▸ DATASET EXCERPT

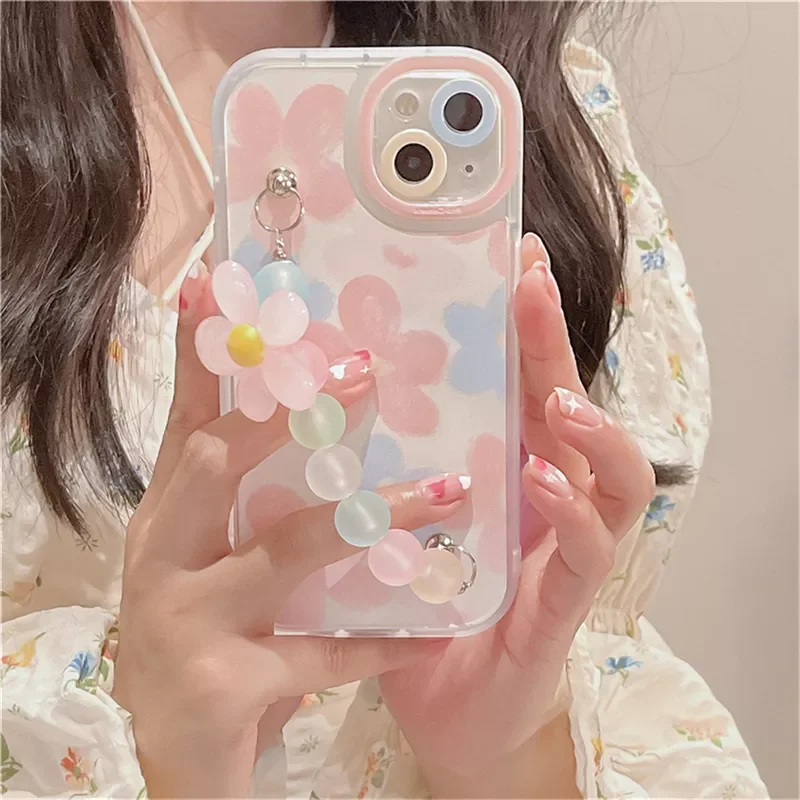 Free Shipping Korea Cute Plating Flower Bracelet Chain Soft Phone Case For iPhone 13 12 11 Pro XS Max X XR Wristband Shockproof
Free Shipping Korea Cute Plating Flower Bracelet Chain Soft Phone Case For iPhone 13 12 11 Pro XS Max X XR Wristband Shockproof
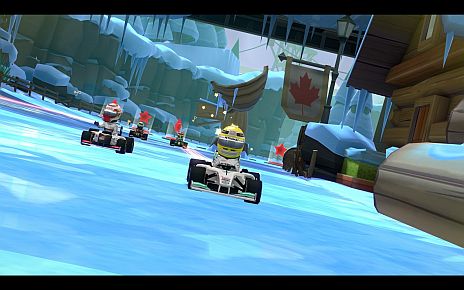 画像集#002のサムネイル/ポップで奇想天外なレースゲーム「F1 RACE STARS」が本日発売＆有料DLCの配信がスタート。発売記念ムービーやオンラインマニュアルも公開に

▸ TASK TO COMPLETE
If the data includes images, skip them and copy every line exactly.

▸ WORKED SOLUTION
 Free Shipping Korea Cute Plating Flower Bracelet Chain Soft Phone Case For iPhone 13 12 11 Pro XS Max X XR Wristband Shockproof
Free Shipping Korea Cute Plating Flower Bracelet Chain Soft Phone Case For iPhone 13 12 11 Pro XS Max X XR Wristband Shockproof
 画像集#002のサムネイル/ポップで奇想天外なレースゲーム「F1 RACE STARS」が本日発売＆有料DLCの配信がスタート。発売記念ムービーやオンラインマニュアルも公開に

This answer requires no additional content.